▶ [Directions]: The line with "Women Plus Size Allover Floral Belted Dress" through the last line of the entries: give these again exactly, and only these, without any pictures.

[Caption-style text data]
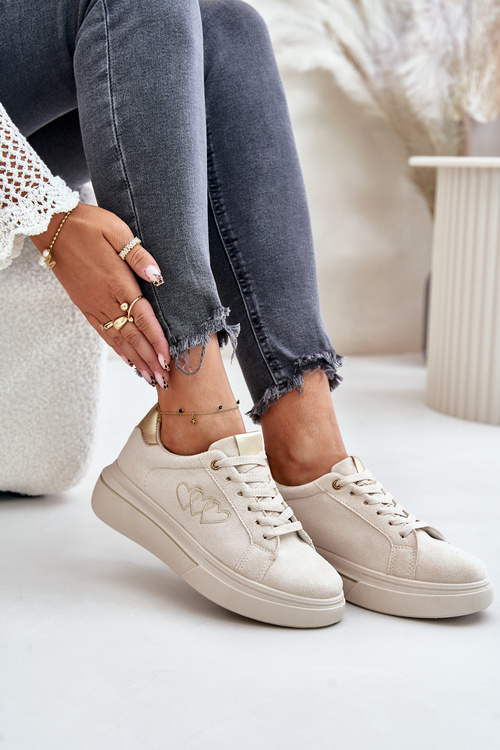 Dámske Sneakers Na Platforme Srdcami Béžové Avirorae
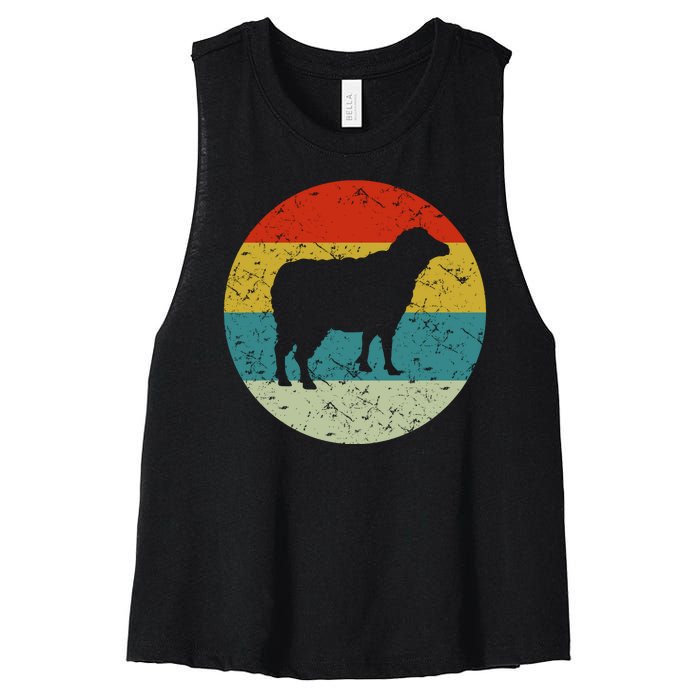 Retro Vintage Sheep Women's Racerback Cropped Tank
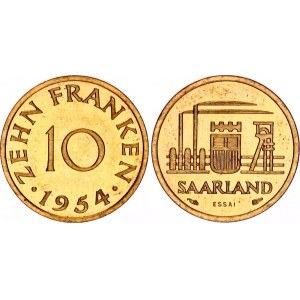 Germany Saarland 10 Franken 1954 ESSAI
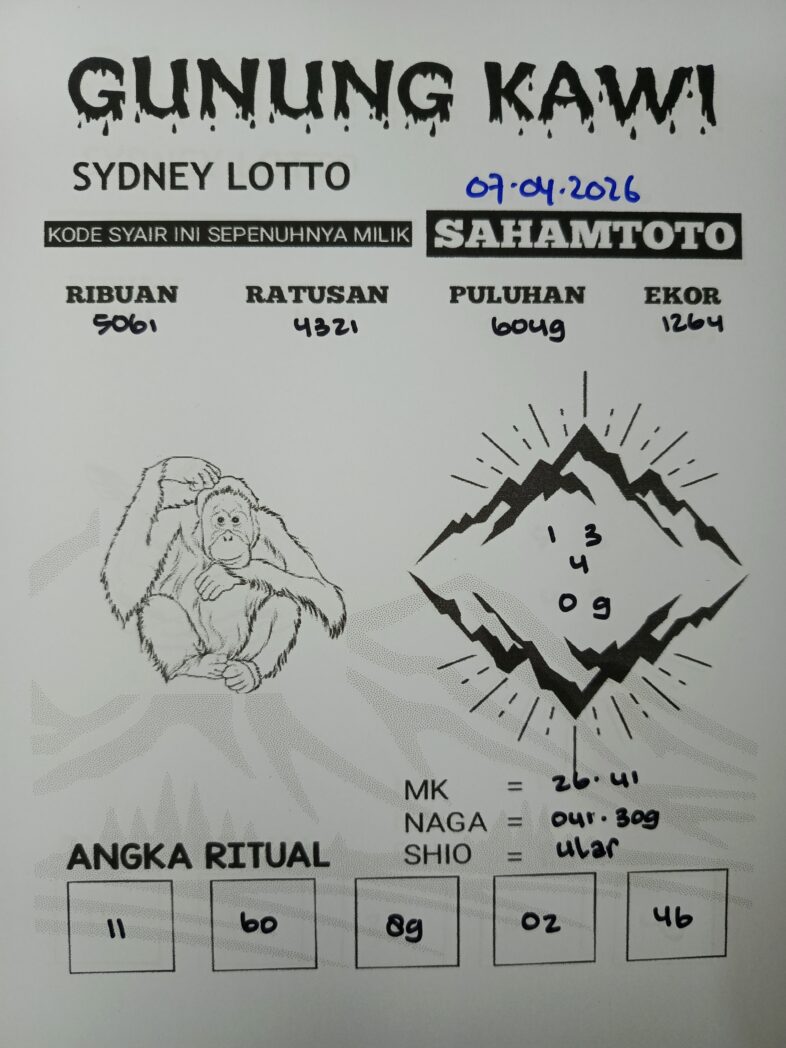 Syair Gunung Kawi HSYDNEY LOTTO Hari ini Selasa 07 April 2026
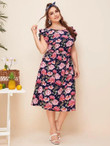 Women Plus Size Allover Floral Belted Dress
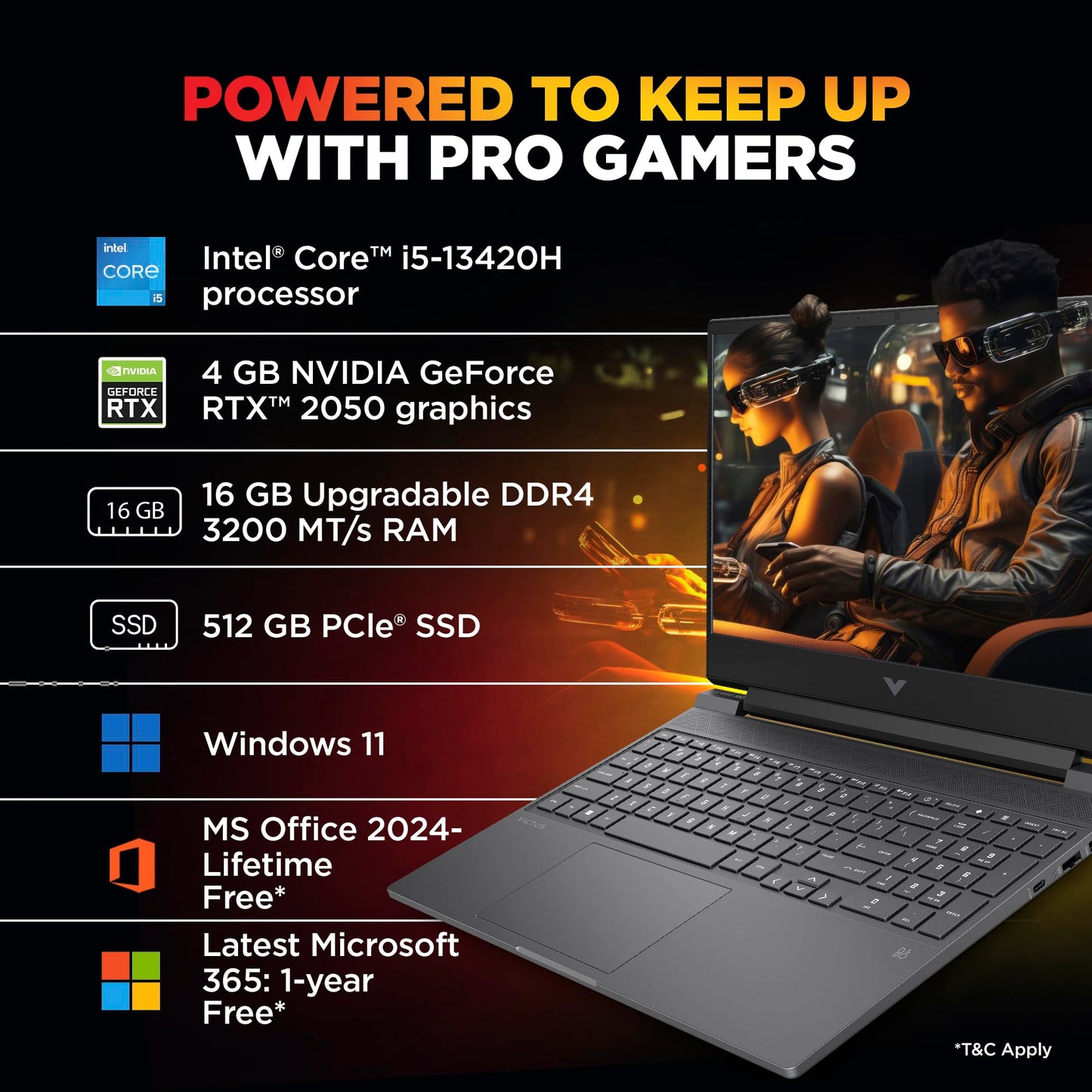 HP Victus, 13th Gen Intel Core i5-13420H, RTX 2050, Upgrade(Upto 32GB) 16GB DDR4, 512GB SSD, FHD, 144Hz, IPS, 300 nits, 15.6'' Gaming Laptop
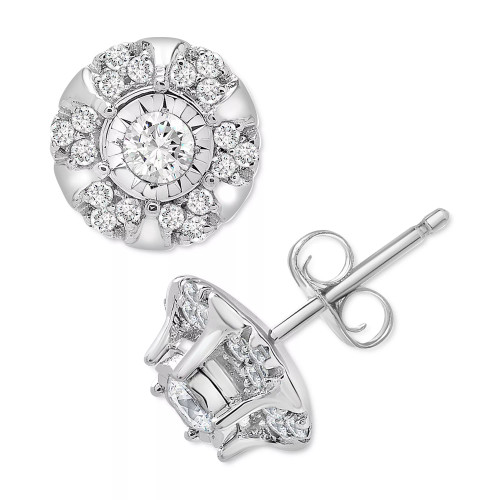 Diamond Halo Stud Earrings (1/4 ct. t.w.) in 10k White or Yellow Gold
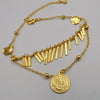 24K Gold Plated Coin Round Danglers Anklet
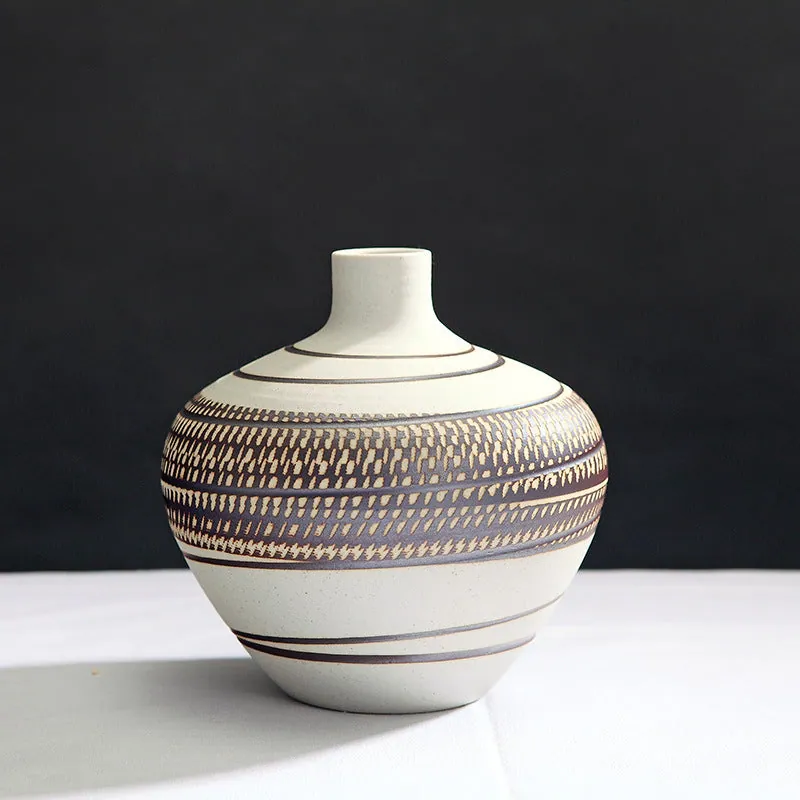 Vase japonais en grès à rayures Charbon, vue 6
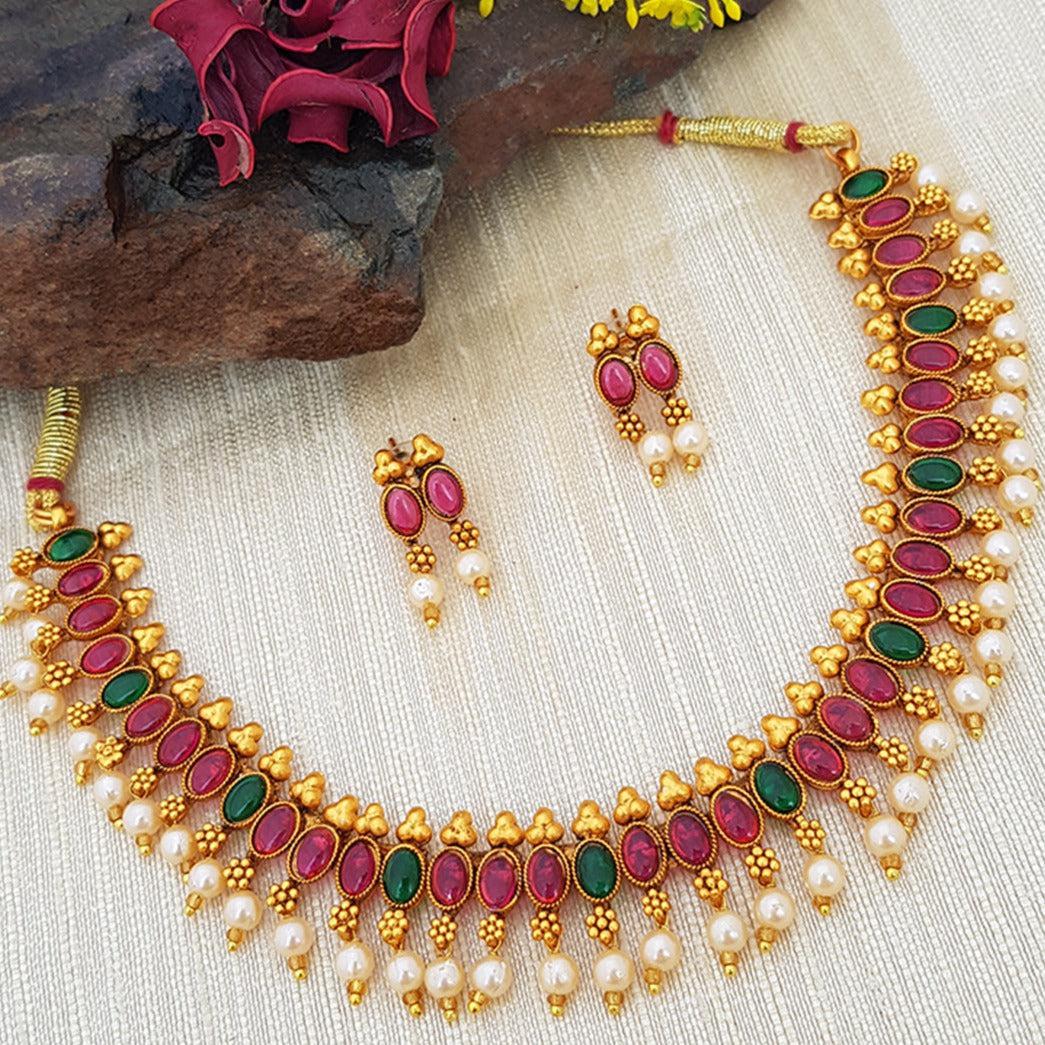 Gold Plated Elegant Necklace Set with Green and Multi Colour 6637N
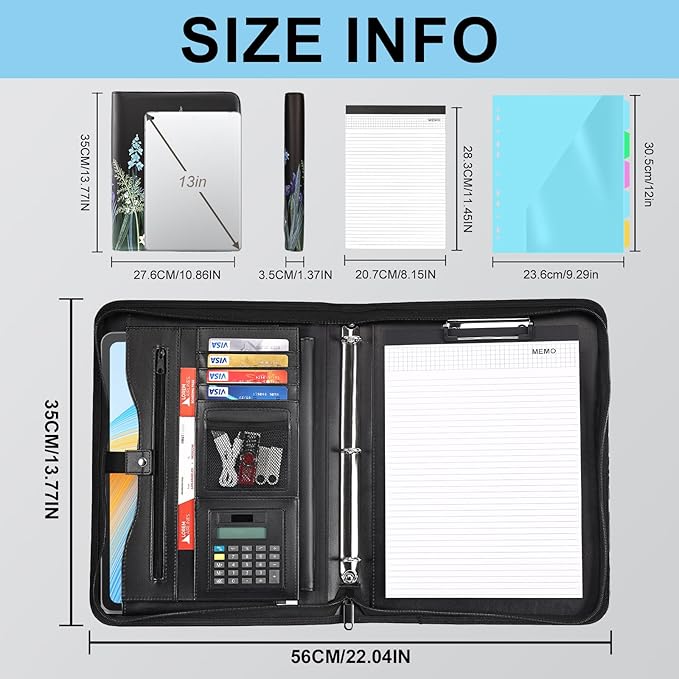 Eshow Portfolio Organizer - 3 Ring Binder with Zipper, Vegan Leather Business Padfolio Folder with Notepad Includes 5 Color Sheet Protectors for Documents Files for Men Women
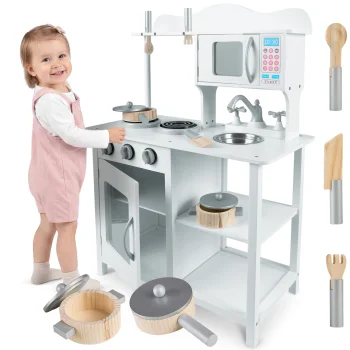 Детская деревянная кухня Ricokids 7835 с аксессуарами, белая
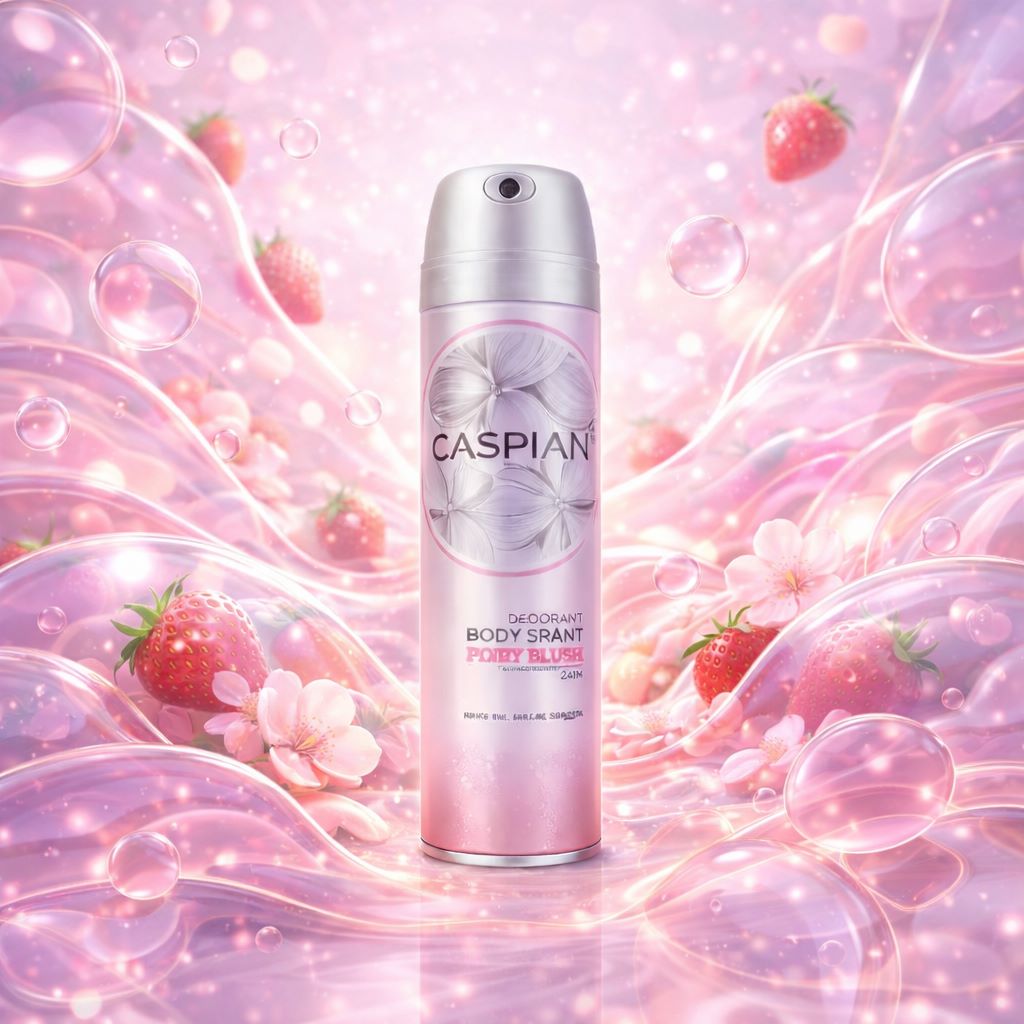 اسپری دئودورانت بدن زنانه کاسپین Pink Blush (خوشبوکننده بدن با رایحه ملایم شیرین و گلی،کنترل بوی نامطبوع بدن تا 24 ساعته مناسب استفاده روزانه و استایل زنانه) 150ML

▶ [Result of this exercise]:
 Women Plus Size Allover Floral Belted Dress
 HP Victus, 13th Gen Intel Core i5-13420H, RTX 2050, Upgrade(Upto 32GB) 16GB DDR4, 512GB SSD, FHD, 144Hz, IPS, 300 nits, 15.6'' Gaming Laptop
 Diamond Halo Stud Earrings (1/4 ct. t.w.) in 10k White or Yellow Gold
 24K Gold Plated Coin Round Danglers Anklet
 Vase japonais en grès à rayures Charbon, vue 6
 Gold Plated Elegant Necklace Set with Green and Multi Colour 6637N
 Eshow Portfolio Organizer - 3 Ring Binder with Zipper, Vegan Leather Business Padfolio Folder with Notepad Includes 5 Color Sheet Protectors for Documents Files for Men Women
 Детская деревянная кухня Ricokids 7835 с аксессуарами, белая
 اسپری دئودورانت بدن زنانه کاسپین Pink Blush (خوشبوکننده بدن با رایحه ملایم شیرین و گلی،کنترل بوی نامطبوع بدن تا 24 ساعته مناسب استفاده روزانه و استایل زنانه) 150ML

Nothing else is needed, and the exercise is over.